Singapore’s outbound real estate investments in APAC dip in Q1: JLL
Cautious sentiment and pricing uncertainties dampen cross-border activity.
Singapore’s cross-border investments in Asia Pacific commercial real estate dropped to under US$400m in the first quarter, tracking a regional downtrend, according to JLL.
Its latest APAC Capital Tracker showed the city-state ranked as the third largest source of cross-border capital that flowed into APAC’s real estate market last quarter, trailing behind Hong Kong (US$1.2b) and global investors (over US$1.4b), but still outstriped the United States (over US$200b).
Last quarter’s showing represented a sharp drop from a year ago when Singapore booked more than US$1.6b in cross-border property deals in APAC in the first quarter of 2023, which made the Lion City the top source of cross-border capital at that time.

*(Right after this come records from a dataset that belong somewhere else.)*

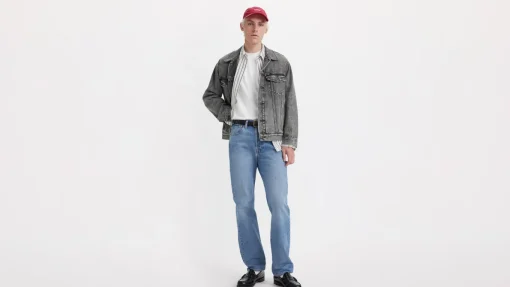 Herren Levi's Jeans 501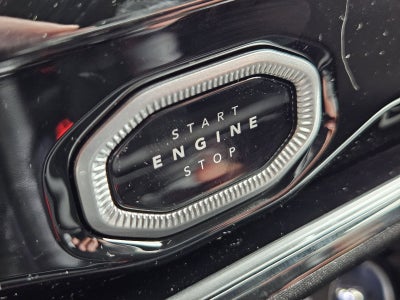 2026 Jeep Grand Cherokee GRAND CHEROKEE SUMMIT 4X4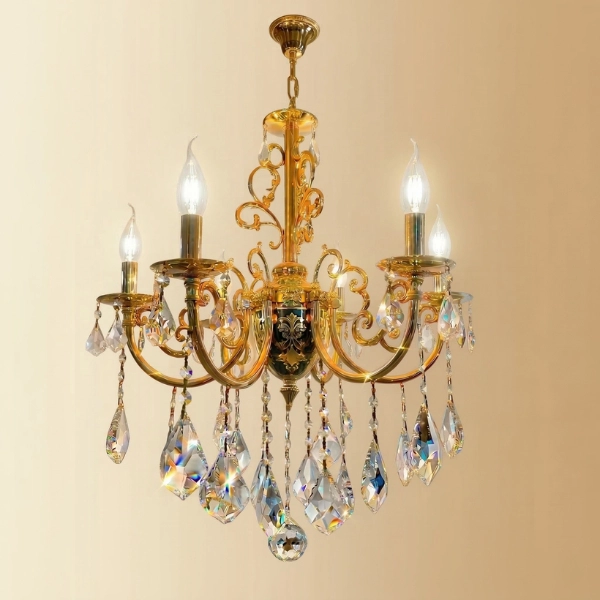 Classic Chandelier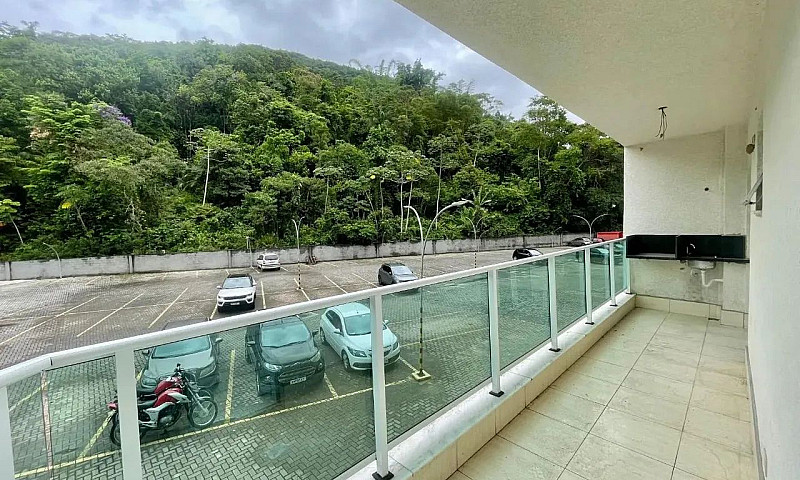 Apartamento Com 2 Do...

This tracked the broader downward trend in the region, with cross-border investments in APAC falling by 25% to US$3.4b in the first quarter from the same period a year ago.
“Investor caution and pricing uncertainties continued to keep cross-border activities modest,” JLL said.
Within Singapore, overall commercial real estate investments in the city-state rose 14% year-on-year to US$2.2b in the first quarter on the back of a robust demand for retail assets.